Building this yourself is rarely worth it unless you have specific requirements. The crate handles edge cases, cleanup threads, and configuration. Reach for the crate first. Write custom middleware only when the crate hits a wall.

Pitfalls and errors

Rate limiting introduces new failure modes. Memory is the biggest one. Every unique key consumes space. If you limit by IP and face a distributed attack with rotating IPs, your map fills up. The actix-web-rate-limit crate includes a cleanup mechanism that evicts old keys. If you build your own, you must implement eviction. A DashMap with millions of entries will exhaust RAM and crash the server.

Distributed systems break local rate limiting. If you run three server instances behind a load balancer, each instance has its own map. A client can send 10 requests to instance A, 10 to instance B, and 10 to instance C. Each instance thinks the limit is fine. The total is 30. To fix this, you need a shared store like Redis. The middleware checks Redis instead of local memory. This adds latency but ensures consistency across the cluster.

Compiler errors appear if you mess up the types. If your key extractor returns an Option<String> instead of a String, the compiler emits E0308. The extractor must always return a string. If you forget to wrap the middleware state in web::Data, you get lifetime errors. The middleware expects shared state that lives as long as the server.

Pitfall alert: Rate limiting is a local defense. It won't stop a massive DDoS that saturates your network bandwidth. The packets never reach your application. Pair rate limiting with a WAF or CDN for high-volume attacks. Rate limiting protects your application logic.

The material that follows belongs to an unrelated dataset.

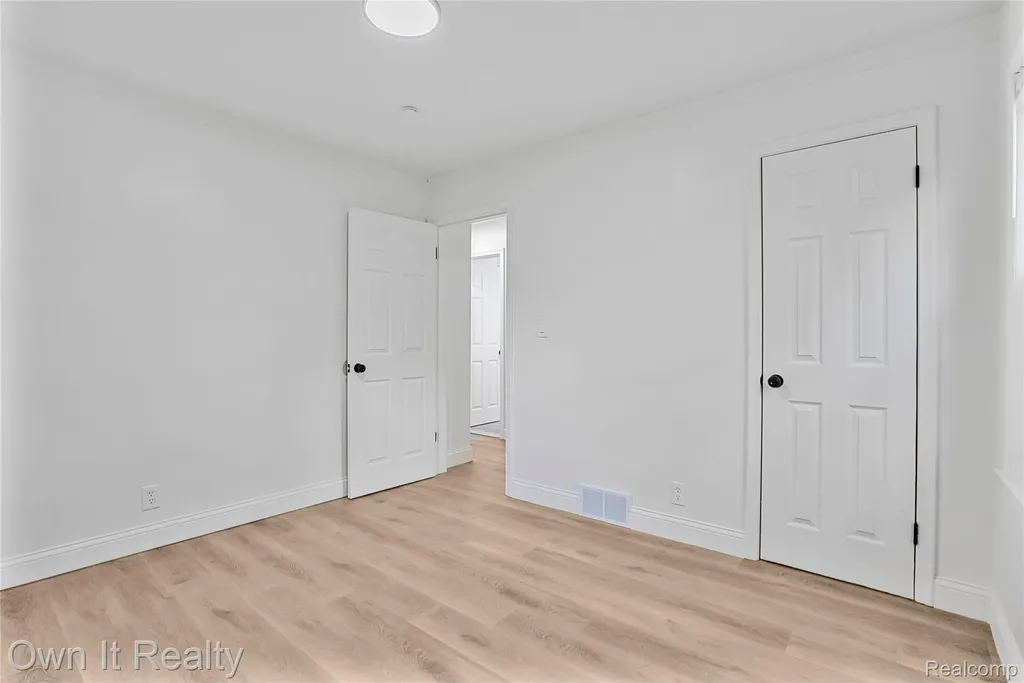 15961 Macarthur Redford Charter Township MI 48239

It doesn't protect your network interface.

When to use what

Use actix-web-rate-limit when you need a reliable, in-memory limiter for a single Actix server. Use a custom DashMap middleware when you need complex logic like per-endpoint limits with different windows, or when you want to avoid an external dependency for a simple prototype. Use Redis-backed rate limiting when you run multiple server instances behind a load balancer and need a shared counter. Reach for a WAF or CDN rate limiting when you face high-volume DDoS attacks that would overwhelm your application layer before the code even runs.

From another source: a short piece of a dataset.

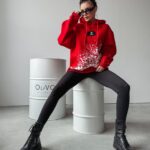 Bluza damska z nadrukiem Mickey Elin Ola Voga czerwona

Memory is finite. Your rate limiter must evict old keys, or it becomes the denial of service.

Where to go next

Rate limiting is like a bouncer at a club who only lets a certain number of people in per minute. It protects your API from being overwhelmed by too many requests at once, ensuring it stays fast and available for everyone. You use it when you need to prevent abuse or accidental traffic spikes from crashing your server.